TASK DETAILS:
Using the data below, restate exactly every line from the one with "So first thing" up to and including the one with "So in layman's". No picture belongs in it.
—————
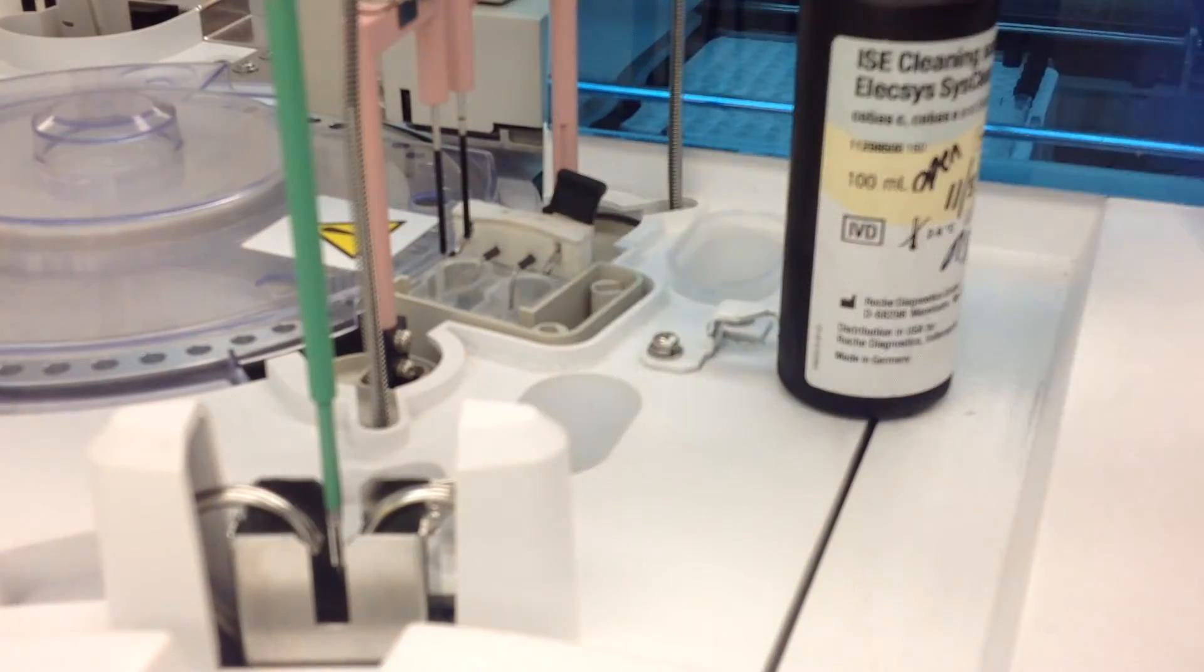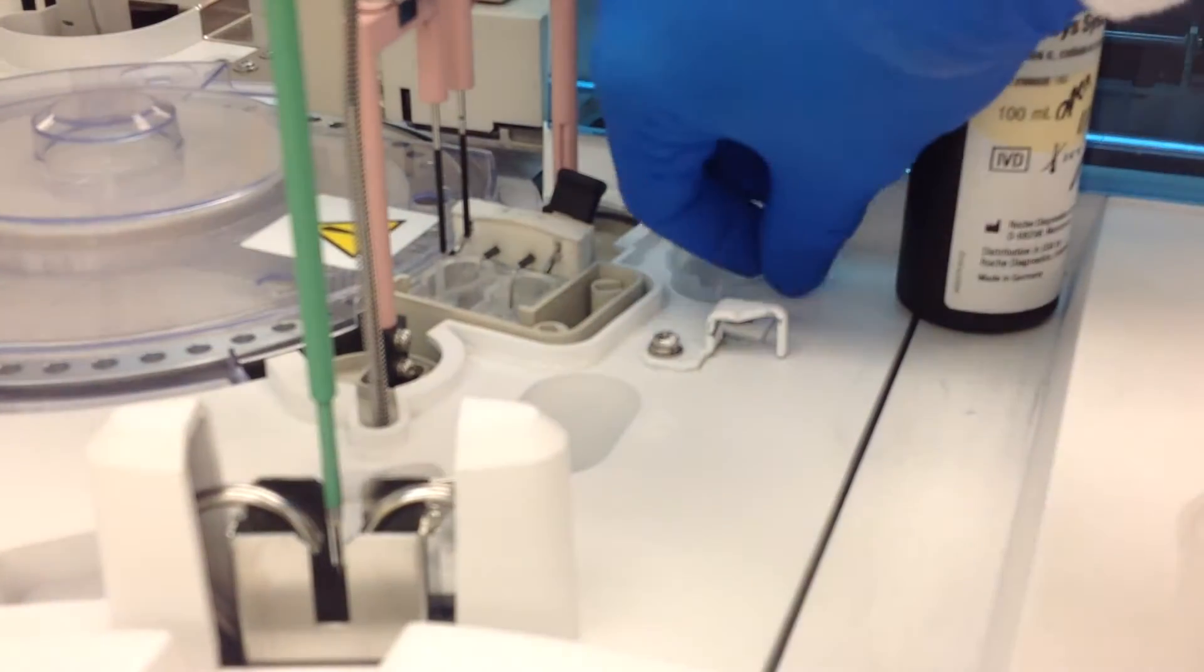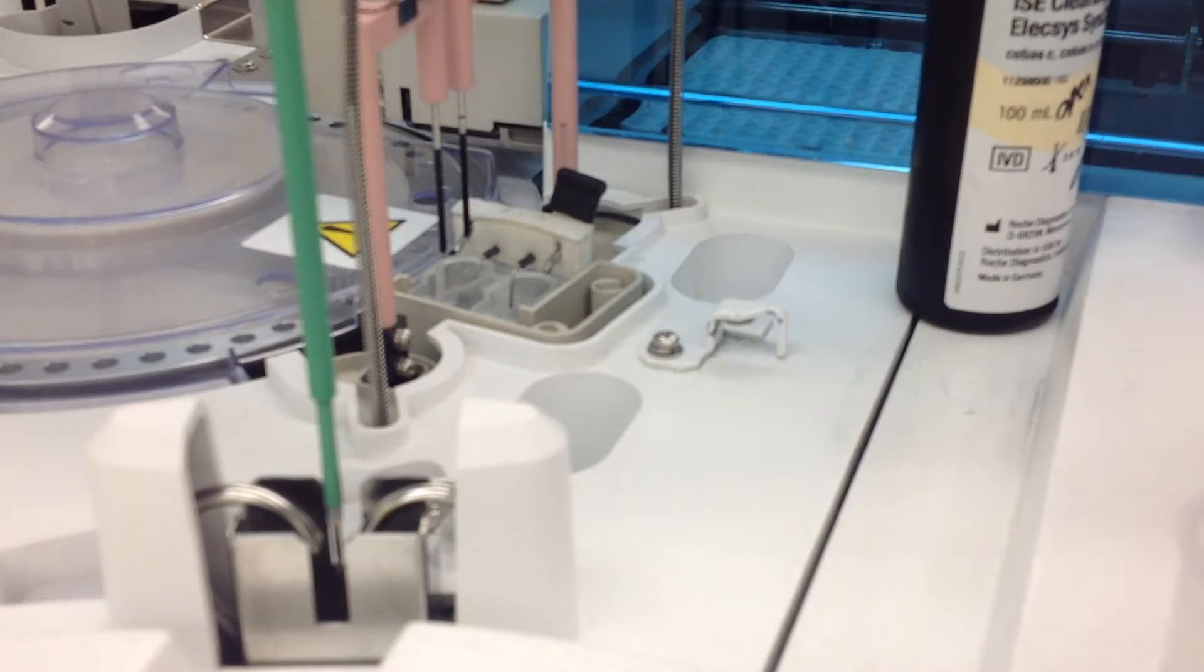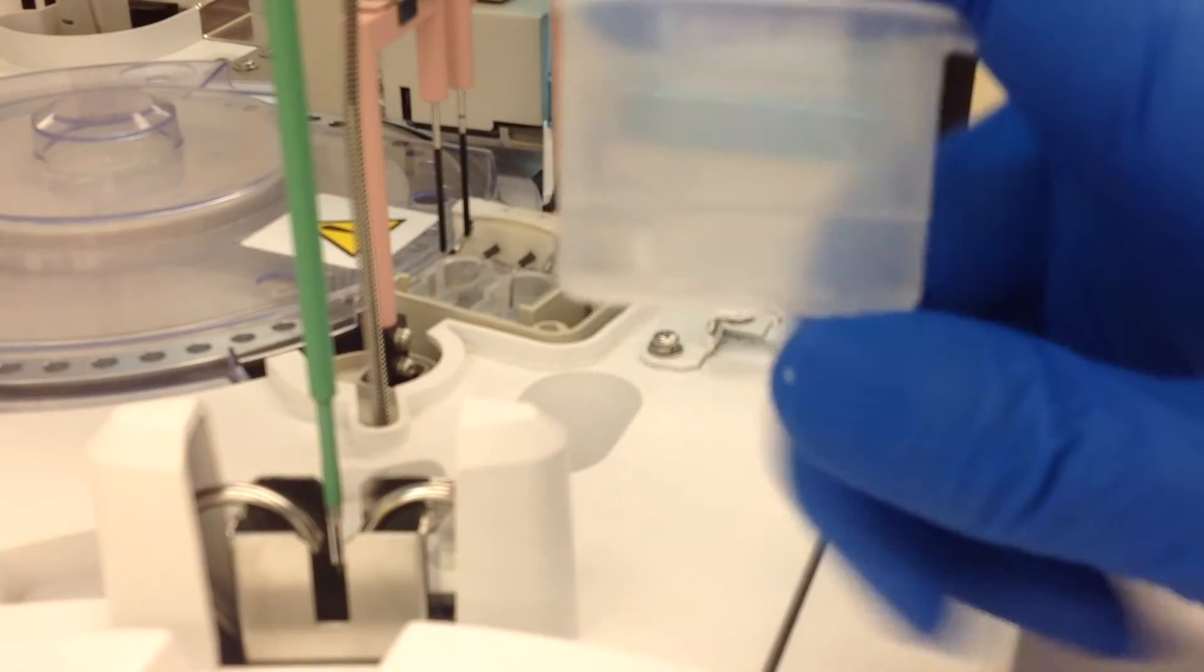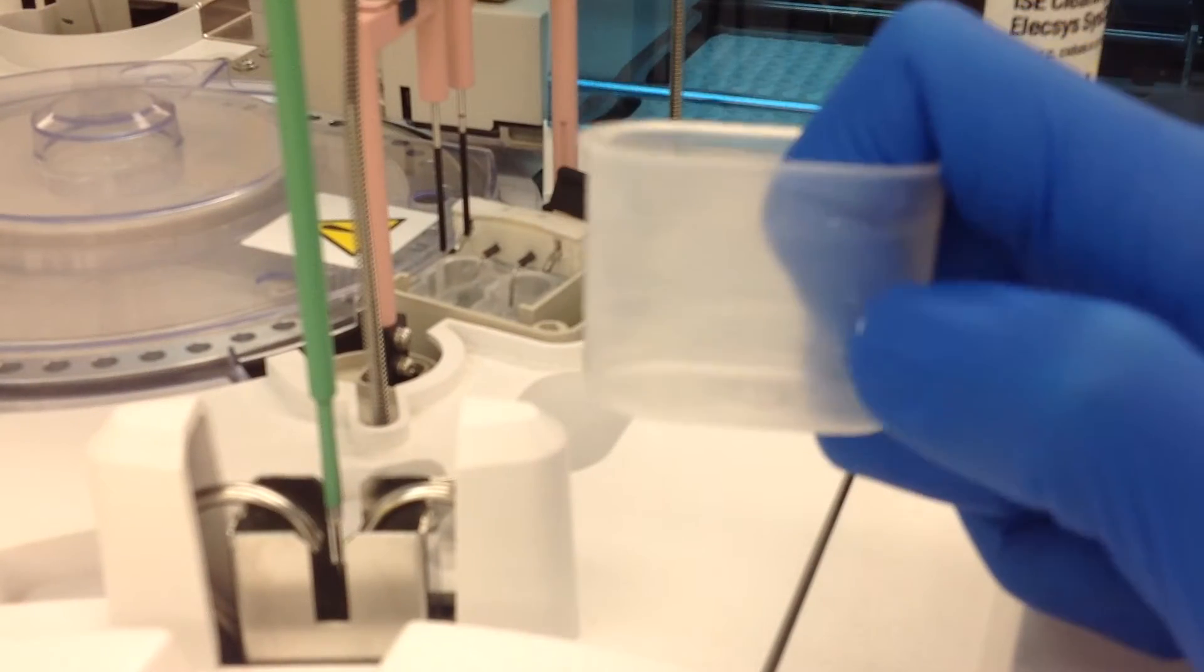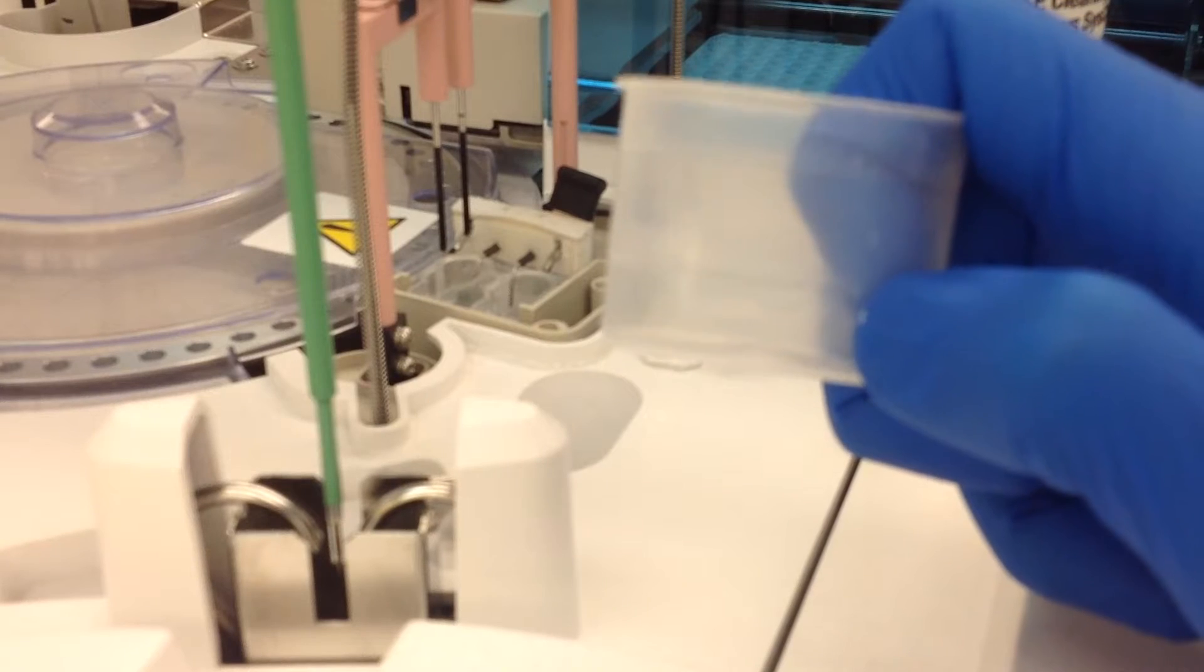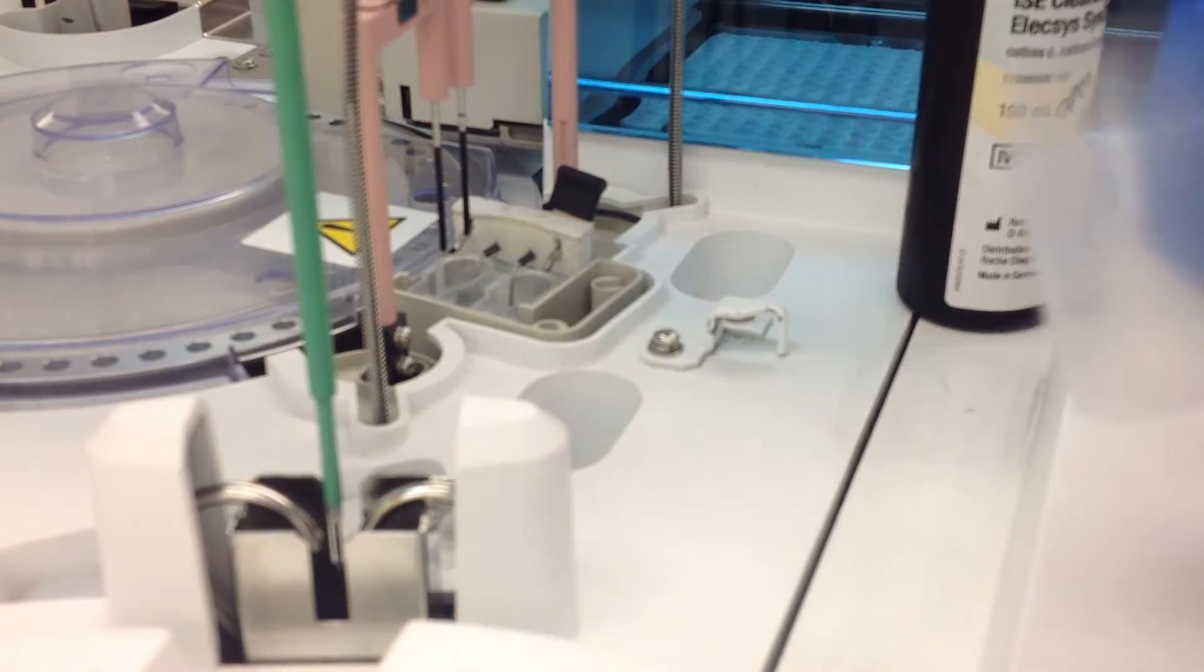So you take out these two little containers here, and you see how they have these lines on them. And you're going to fill up Sis Clean to the first line.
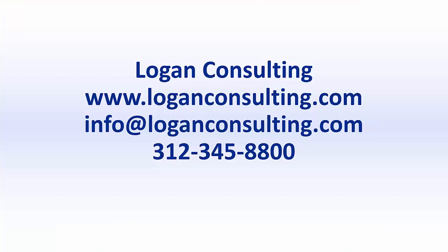For more information, please visit our website at www.loganconsulting.com or contact us via email at info@loganconsulting.com or via phone at 312-345-8800.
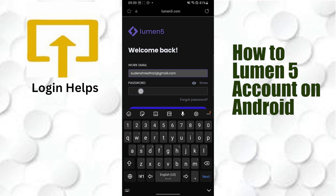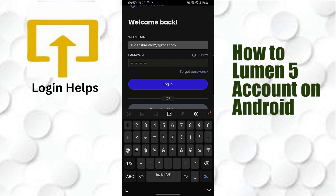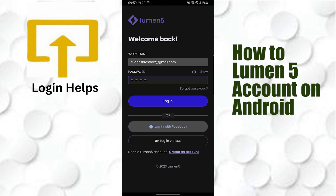Enter your work email address, then tap on the password field and enter the password you registered with on Lumen5. If you've forgotten your password, tap on the Forgot Password button to go through the process to retrieve or reset it.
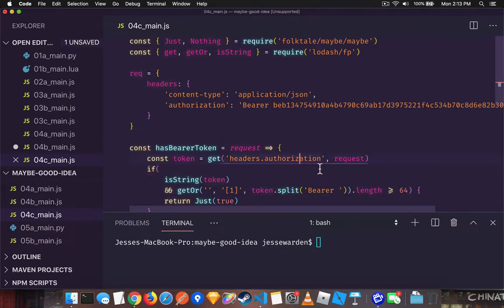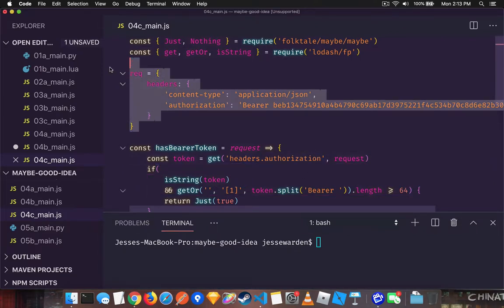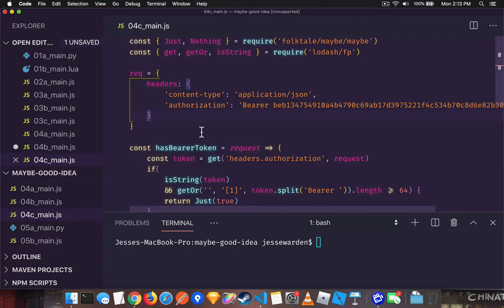In this case, we are going to look at a request object. This is a very common thing to do in the backend, and it's also very dynamic. There's no guarantee that you have the things you're looking for in the right way you're looking for them because it's from a third-party source.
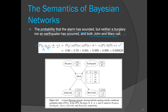The probability of John calling given alarm is 0.9. The probability of Mary calling given alarm is 0.7. The probability of alarm given no burglary and no earthquake is 0.001. The probability of no burglary is 1 minus 0.001, and the probability of no earthquake is 1 minus its value. Multiplying all these together, the probability of this event is 0.000628. This is how we do inference using a Bayesian network.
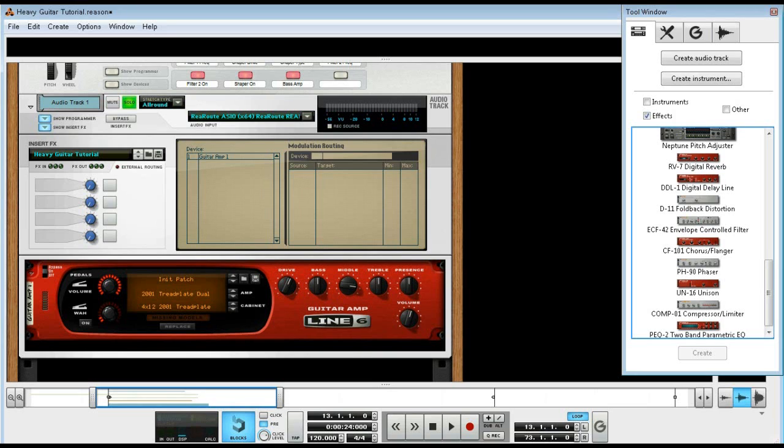So first thing we'll go ahead and do, let me just play something, just a little thing, nothing special. Just some silly blues licks.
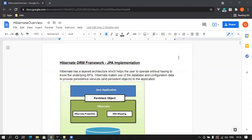So in layman's terms, JPA is just an interface. But Hibernate is actually the implementation framework.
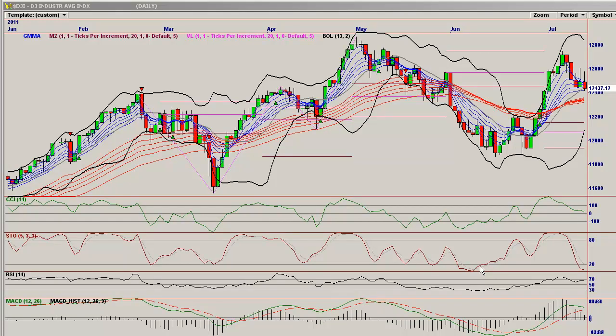Welcome to Bears in Exile. Today is July 14th and it is time for the market overview, looking at the DOW, SPX, VIX, XOY, TNA, UUP, FXC, GLD, and SLV.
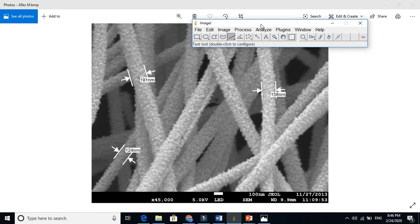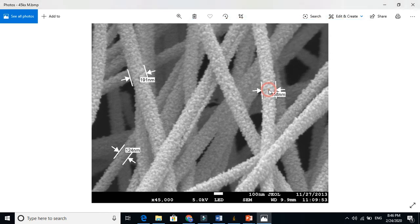Let's check whether ImageJ can give the correct reading or not. This is also another way: if you look at this scale here, this is 100 nanometers. Take the similarity and comparison, and you can easily guess what is the size of this nano fiber. So if you compare this scale bar with the fiber, it is almost 158 nanometers or something like that. This is another way to measure.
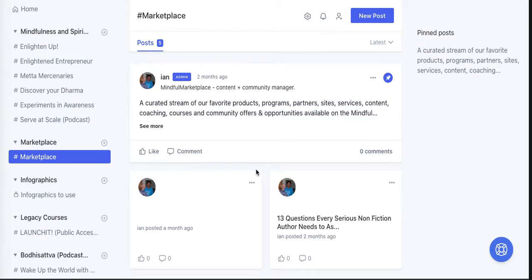Hey everybody, this is Ian from Mindful Marketplace. In this short tutorial, I'm going to show you how you can use Circle, the community building software, as a marketplace for your platform, community, courses, content, and members' content. There's pretty much no limit to how you can implement this strategy.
—————
REPLY TO THE TASK:
So first thing we'll go ahead and do, let me just play something, just a little thing, nothing special. Just some silly blues licks.
So in layman's terms, JPA is just an interface. But Hibernate is actually the implementation framework.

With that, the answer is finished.